VAIO Zのクラムシェルモデル。今回試した個人向け標準仕様モデルの「VJZ13190211B」は2016年2月26日発売予定。市場想定価格は179,800円(税別)。フリップモデルと比べると、スペックが控えめで価格も安めに設定されている
まずはデザインを見ていきたい。基本的なデザインはフリップモデルから変わっていない。マルチフリップ機構がないため、天版に切れ目がなく、VAIOのロゴが中央に配置されているのが見た目の大きな違いだ。素材は天板部分とパームレストがアルミニウム、ボトム(底面)がカーボンという2つの素材を組み合わせている。アルミニウムの表面には研磨工程・ブラスト加工が施されており、手ざわりのよい仕上がりだ。

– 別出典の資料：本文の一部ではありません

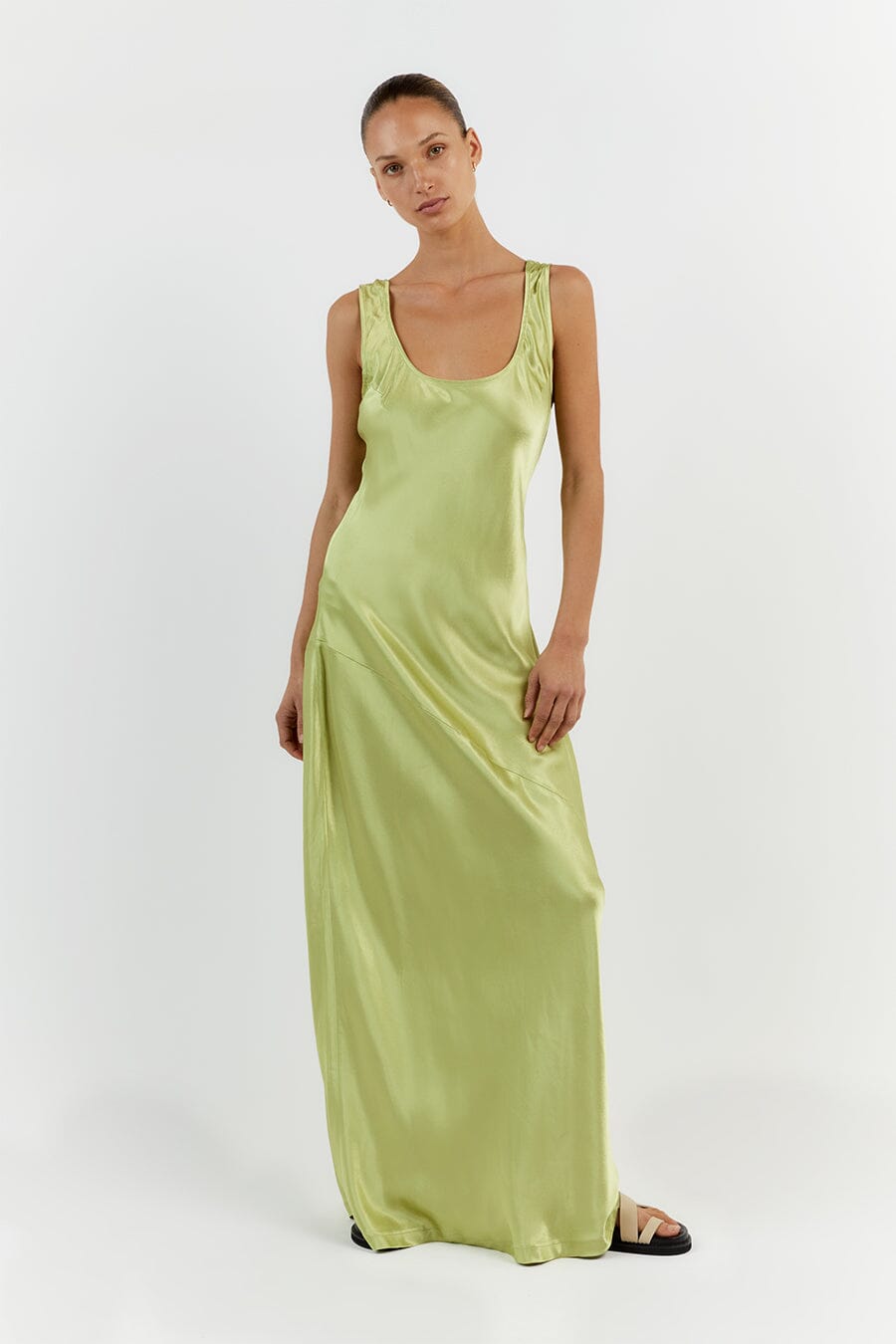 Lime green sales silk dress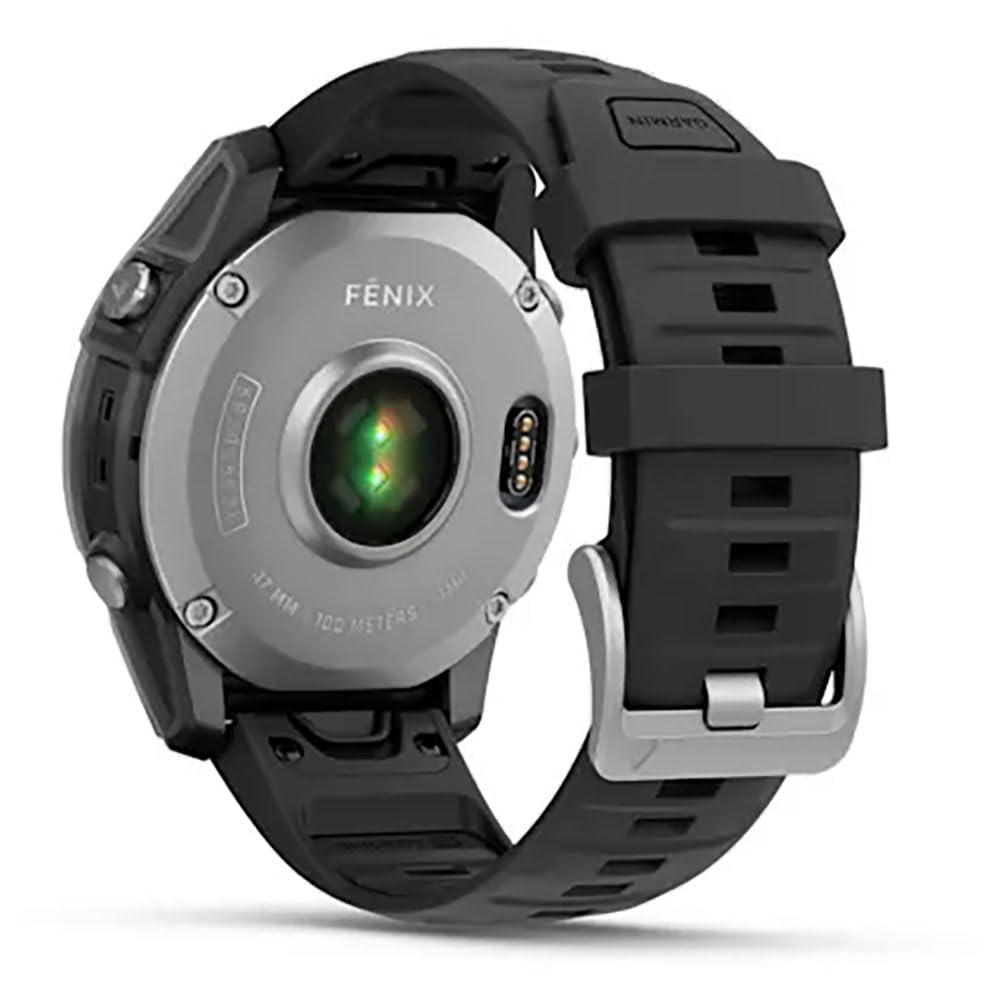 Garmin Fēnix® E – 47 mm, AMOLED Stainless Steel with Black Silicone Band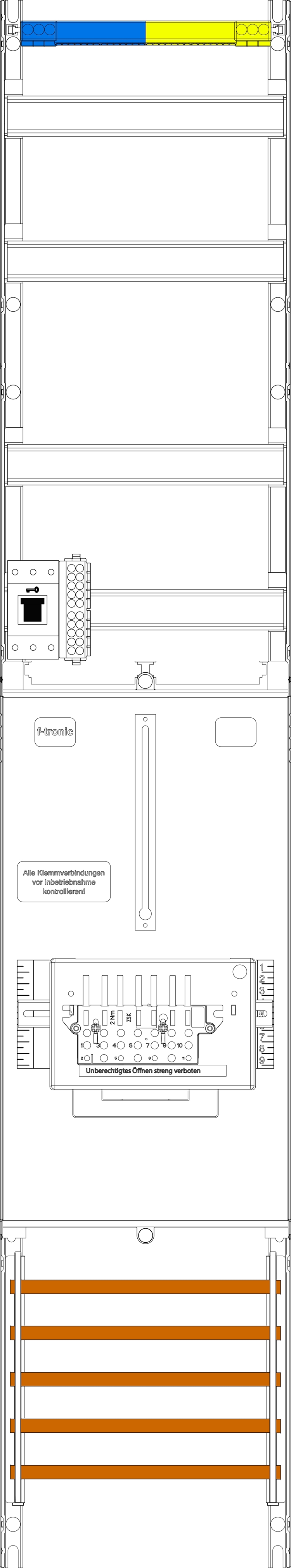 1St. F-Tronic VZ6-ZSK-HSS Zählerfeld VZ6-ZSK-HSS, 1-feldrig, H=1350mm, 1-3.HZ, 1 ZSK-Set, 1 HSS, Vert.2r 7143550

本体サイズはフリップモデルと変わらず、約324.2(幅)×215.3(奥行)×15.0〜16.8(高さ)mm。重量は約1.17kgで、フリップモデルよりも180gほど軽い。缶コーヒー1本分なので、かなり軽量化されている。クラムシェルモデルで注目すべき点はバッテリー駆動時間だ。カスタマイズモデルの場合、カタログスペックで最長約27時間というVAIO史上最長のバッテリー駆動時間を実現している。フルHD(1920×1080)のディスプレイを選んだ場合という条件付きではあるが、驚異的なスタミナだ。今回試した個人向け標準仕様モデルでも、カタログスペックは約26.1 時間とかなりの長さだ。レビューのために、Webページの閲覧やテキストの入力といった作業をしても、ほとんどバッテリーが減らなかった。さすがにベンチマークソフトを実行すると、バッテリーがみるみる減っていったが、カタログスペック通り、かなりバッテリーは持ちそうな印象を受けた。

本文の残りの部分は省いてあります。